Jury convicts Aspen man in daylong trial | AspenTimes.com

Jury convicts Aspen man in daylong trial

Wyatt Haupt Jr.
The Aspen Times
Aspen, CO Colorado

ASPEN – A jury Friday convicted an Aspen man of one misdemeanor count that stemmed from an incident in which he allegedly harassed a former lover.

Frank Charles Palmer III sat as the verdict was read in Pitkin County Court. He was convicted of violation of a protection order. The class I misdemeanor carries a penalty of up to 18 months in jail.

The four-man, two-woman jury took nearly three hours to reach its verdict. The decision was reached shortly before 9 p.m.

Palmer was acquitted of a lesser harassment count. He is to next appear in court May 12 for sentencing. Palmer is free on $10,000 bond.

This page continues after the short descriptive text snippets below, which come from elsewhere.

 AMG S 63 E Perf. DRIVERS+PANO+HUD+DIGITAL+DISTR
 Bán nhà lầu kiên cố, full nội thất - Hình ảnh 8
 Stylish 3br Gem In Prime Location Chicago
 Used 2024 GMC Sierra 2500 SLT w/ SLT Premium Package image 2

Deputy District Attorney Richard Nedlin said after the jury trial he was pleased with the outcome.

“I’m glad that the jury found him guilty of the most serious of charges,” he said.

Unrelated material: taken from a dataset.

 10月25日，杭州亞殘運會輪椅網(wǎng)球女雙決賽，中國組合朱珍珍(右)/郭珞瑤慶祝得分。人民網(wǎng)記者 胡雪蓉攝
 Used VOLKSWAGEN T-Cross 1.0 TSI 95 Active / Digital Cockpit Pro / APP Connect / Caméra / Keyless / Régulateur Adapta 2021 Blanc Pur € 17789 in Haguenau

The verdict came at end of a daylong trial in which defense attorney Jeffery Wertz said the violation was a mistake not initiated by his client. He said that Palmer was at home watching a football game on Sept. 29 when a friend asked to use the telephone.

The friend, identified as Matt Franzen, testified he got distracted while using the phone and mistakenly hit a speed dial button that connected him with the victim’s office line.

Franzen said he realized the error and handed the phone to Palmer, who happened to be talking about the victim. At about the same time her voice mail engaged and recorded a six-word, four-second expletive-laced message from Palmer.

Palmer said he quickly hung up the phone. He admitted to leaving the message but said that he was “projecting” or acting out a conversation with the victim and that he did not intentionally violate the protection order.

Franzen said that he “felt horrible” about the incident. Palmer later testified that he was “very upset with Matt” about the gaffe.

Nedlin bristled at the suggestion that the scenario played out as stated. He characterized the event as the “perfect storm of all circumstances.”

Nedlin also introduced evidence, including telephone use reports from a local carrier, that showed the phone call was not made from Palmer’s home.

The trial was the first criminal case to go to a verdict in Pitkin County in recent memory.